Silas Marner was on the curriculum at school and around the same time, I first read Middlemarch. In all honesty, it probably didin't hurt that the BBC production was airing, starring Rufus Sewell, whose name to this day makes me swoon inside a little (those cheekbones!)

It's too easy in our pretty period-drama world to compare George Eliot (her pen-name) to Jane Austen. Austen wrote in the Regency period, Eliot in the Victorian. And Austen wrote mostly about young girls falling in love, culminating in weddings. But Eliot focused on what happens after all that, to different casts of characters and, especially in Middlemarch, to women who chose wrongly.

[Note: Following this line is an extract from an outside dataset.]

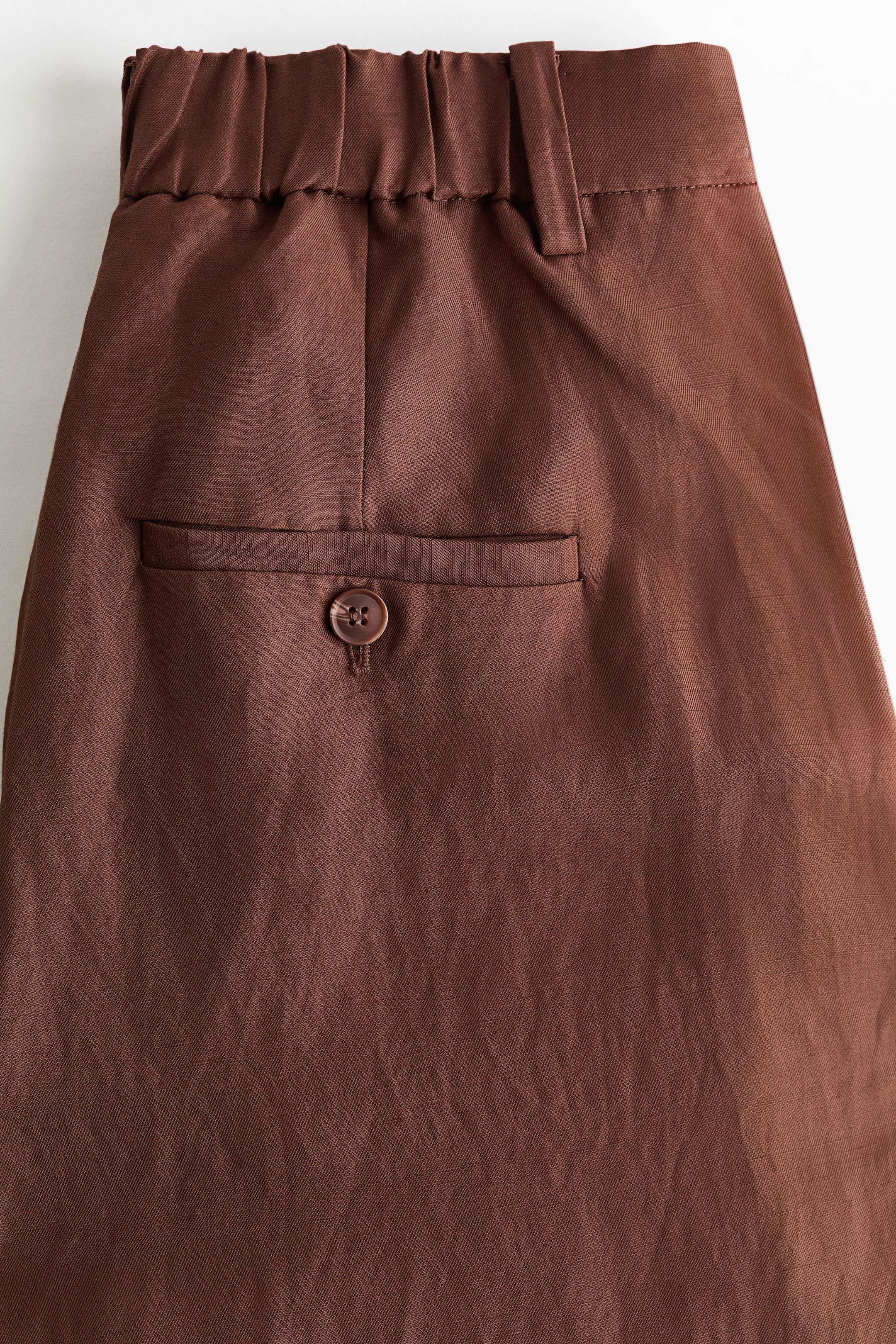 Wide-Leg Linen-Blend Pants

In this way, Middlemarch seems much more grown up to me and, when I read Silas Marner, its characters' complexities seemed finely wrought. Today, in The Bone People, I read a line "Now I feel like the best part of me has got lost in the way I live". And it resonated with me and comes to me again as I think about Eliot's characters.

In youth, we move so lightly through the world, taking our own foibles lightly too, unaware what quicksand they can make of adulthood and how those foibles compound over time to determine our future character. Eliot's characters are mired in their own individual complexities, but also those of the world they inhabit.

I mentioned on Sunday that I feel like it's time I reread Middlemarch and I will as soon as a finish my current book. And, as I consider rereading it, I've been taking the time to think more about its author. She was a complex woman too; headstrong but insecure, she made many choices then considered "unbecoming of a lady" and in many ways herself embodied the contradictions that make her characters so beautifully and hopelessly relatable.